# Credit Scoring

- First Online:

DOI: 10.1057/palgrave.jors.2602037

- Cite this article as:
- Crook, J., Edelman, D. & Thomas, L. J Oper Res Soc (2005) 56: 1003. doi:10.1057/palgrave.jors.2602037

Academic and commercial research into credit scoring has mushroomed over the last decade. The range of issues considered, the range of countries in which academic research on the topic is developing and the range of journals now containing credit scoring papers are all increasing exponentially. However the largest academic conference on credit scoring is held biennially in the UK, by the Credit Research Centre, University of Edinburgh, and it is from the eighth Edinburgh conference in 2003 that almost all of the papers in this Special Issue are drawn. This Issue contains some particularly exciting papers that are of both practical and academic importance though, of course, these papers are not intended to cover all the areas in which research is being pursued.

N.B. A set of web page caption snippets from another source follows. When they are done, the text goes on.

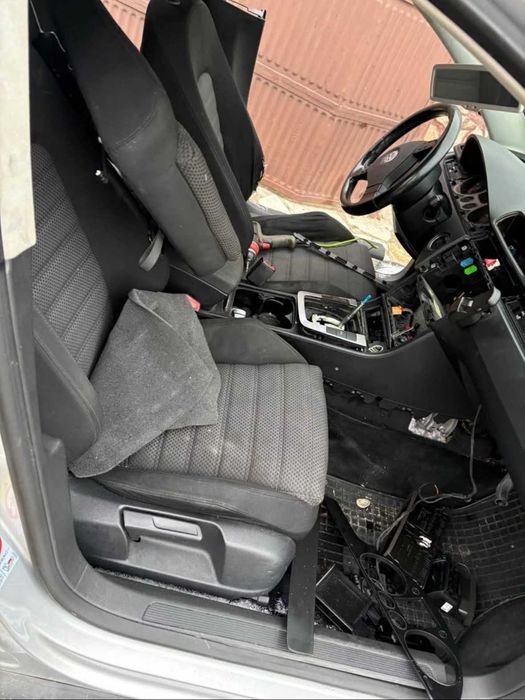 VW Passat B6 на части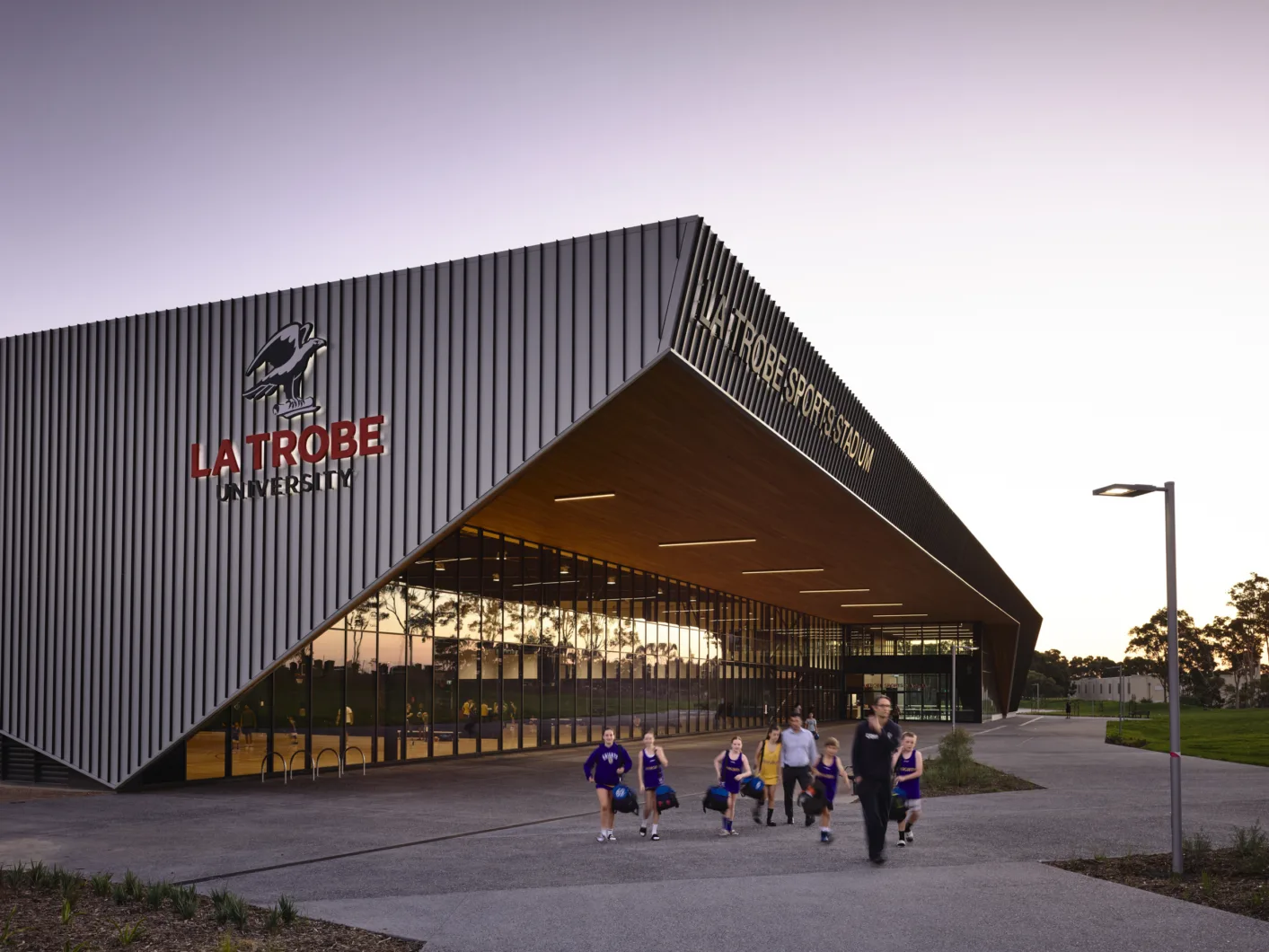Warren Mahoney La Trobe 0093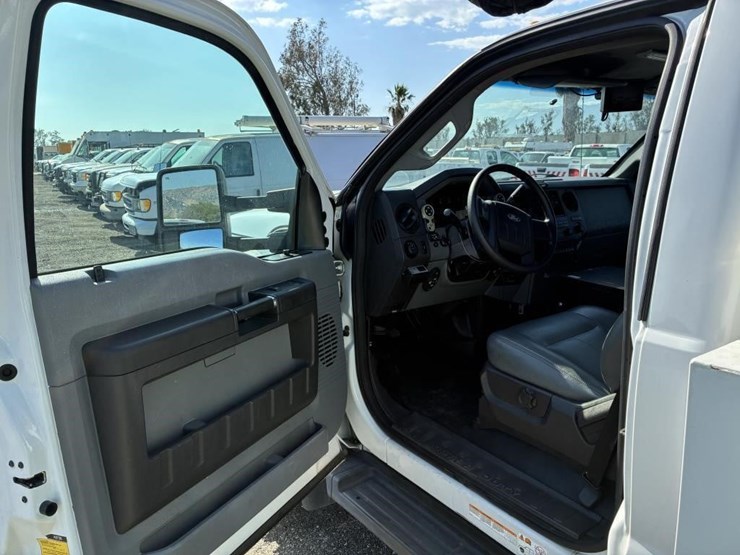 2012-ford-f550-image-15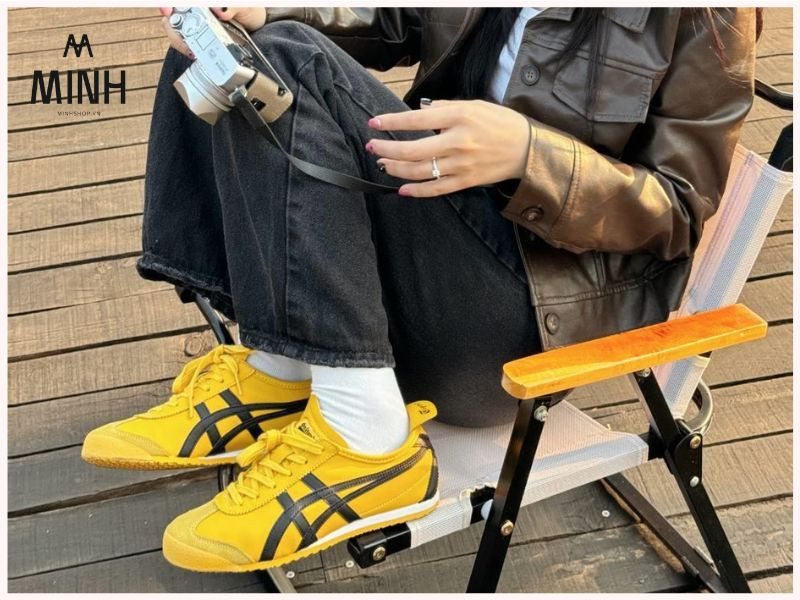 cặp đôi thử giày Onitsuka Tiger tại cửa hàng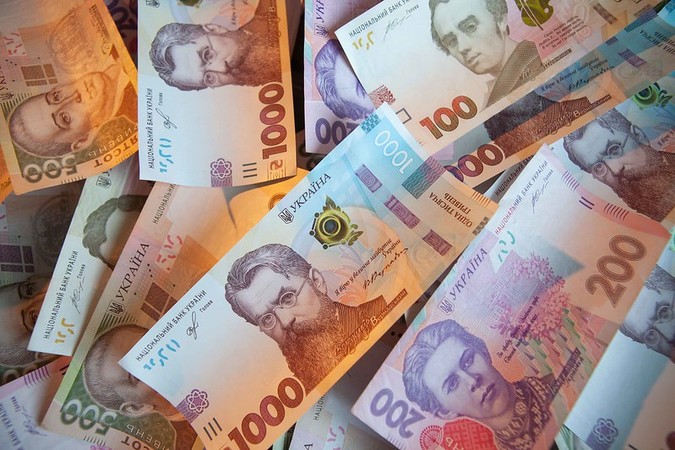 Національний банк України встановив на 14 серпня 2020 офіційний курс гривні на рівні 27,4083 грн/$.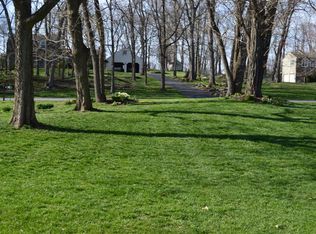 22 Woodcrest Dr, Carlisle, PA 17015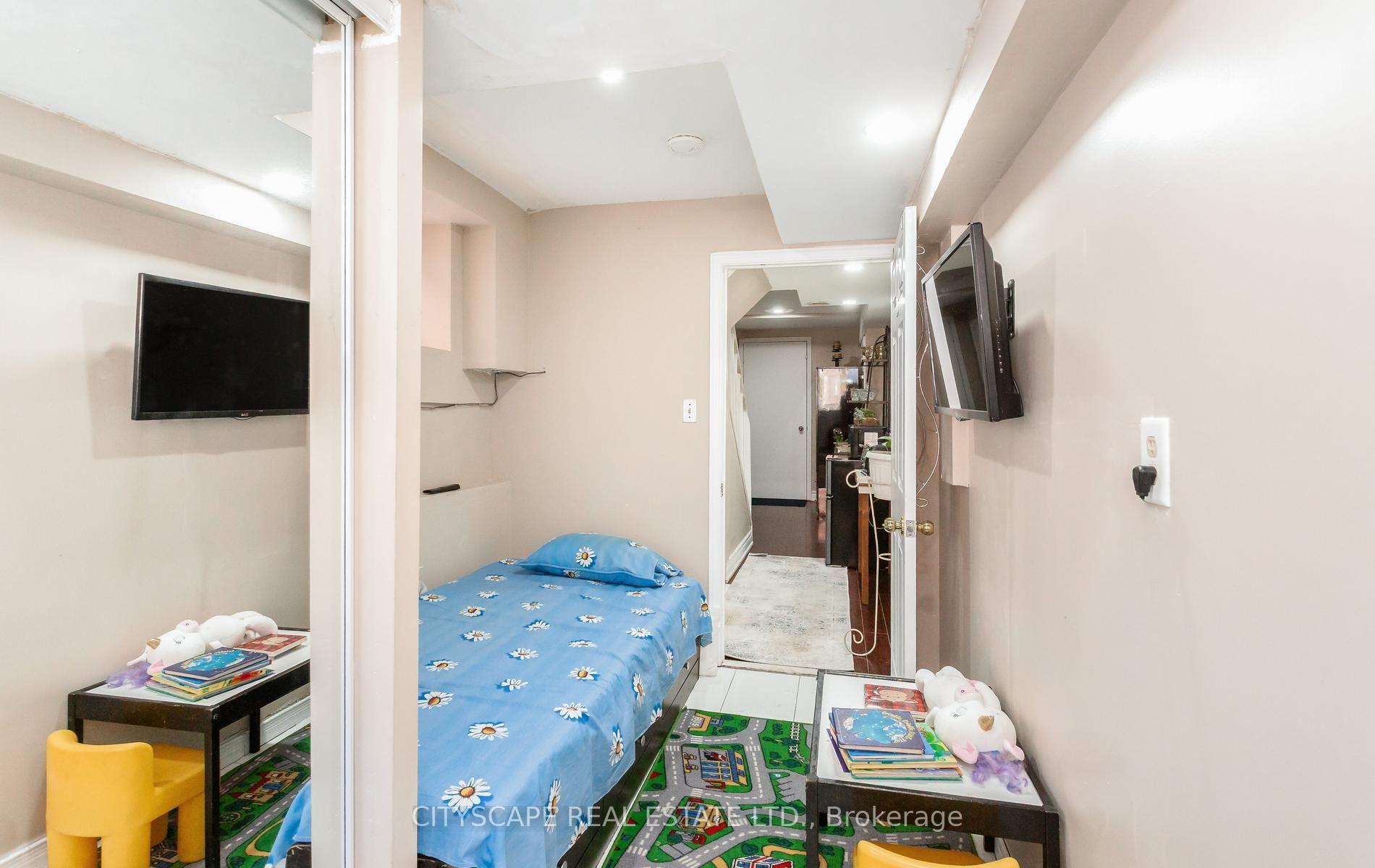 Photo 41 of 5259 Astwell Avenue, Mississauga, Hurontario — HOMEH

There have been significant developments in the consumer credit environment in the last few years, which have hastened and broadened research in the area. The first paper by Thomas *et al* assesses past research and sets out their view of an agenda for future work. In particular, they argue that the objectives of credit models have widened from merely default risk prediction to, for example, profitability scoring, consumer scoring and risk-based pricing. Some of these changes have been encouraged by the new Basel Capital Accord, which allows banks to use their own models, provided they can satisfy the regulators, to determine the minimum amount of capital they should retain to cover unexpected loan portfolio losses. Lenders may classify loans into sub-portfolios of similar risk, which together with the methods to be used to predict losses required by the regulators, for example loss given default averaged over several years, are a further major subject of research. Indeed, the risk models incorporated in the Accord come from corporate risk modelling and a new area of research involves assessing and adapting these to the retail loan sector. Of course, searching for the most accurate classification algorithm will remain a perennial topic of research and research into reject inference is ongoing. The authors predict a further research area of the optimal characteristics of loans which will appeal to the wishes of borrowers. Many of these issues are reflected in the papers included in this special issue.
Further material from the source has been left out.